According to the leading article, therefore, the entire ancient world collapsed because scientific research revealed the errors of the old religions. Would the ancient world not have perished if scientific research had kept silent about the errors of religion, if the Roman authorities had been recommended by the author of the leading article to excise the writings of Lucretius and Lucian?
For the rest, we shall permit ourselves to enlarge Herr H.'s erudition in another communication.
At the very time when the downfall of the ancient world was approaching, there arose the Alexandrine school, which strove to prove by force the “eternal truth” of Greek mythology and its complete agreement “with the results of scientific research”. The Emperor Julian, too, belonged to this trend, which believed that it could make the newly developing spirit of the times disappear by keeping its eyes closed so as not to see it. However, let us continue with the conclusion arrived at by H.! In the old religions, “the feeble notion of the divine was shrouded in the blackest night of error”, and therefore could not stand up to scientific research. Under Christianity, the opposite is the case, as any thinking machine will conclude. At all events, H. says:
"The greatest results of scientific research have so far only served to confirm the truths of the Christian religion."
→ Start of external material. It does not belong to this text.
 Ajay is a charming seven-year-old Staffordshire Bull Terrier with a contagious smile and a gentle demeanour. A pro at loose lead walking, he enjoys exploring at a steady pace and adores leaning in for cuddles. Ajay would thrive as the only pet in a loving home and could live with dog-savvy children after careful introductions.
We leave aside the fact that all the philosophies of the past without exception have been accused by the theologians of abandoning the Christian religion, even those of the pious Malebranche and the divinely inspired Jakob Böhme, and that Leibniz was accused of being a “Löwenix” (a believer in nothing) by the Brunswick peasants, and of being an atheist by the Englishman Clarke and other supporters of Newton. We leave aside, too, the fact that, as the most capable and consistent section of Protestant theologians has maintained, Christianity cannot he reconciled with reason because “secular” and “spiritual” reason contradict each other, which Tertullian classically expressed by saying: “verum est, quia absurdum est”. [It is true because it is absurd] Leaving aside all this, we ask: how is the agreement of scientific research with religion to be proved, except by allowing it to take its own course and so compelling it to resolve itself into religion? Any other compulsion is at least no proof.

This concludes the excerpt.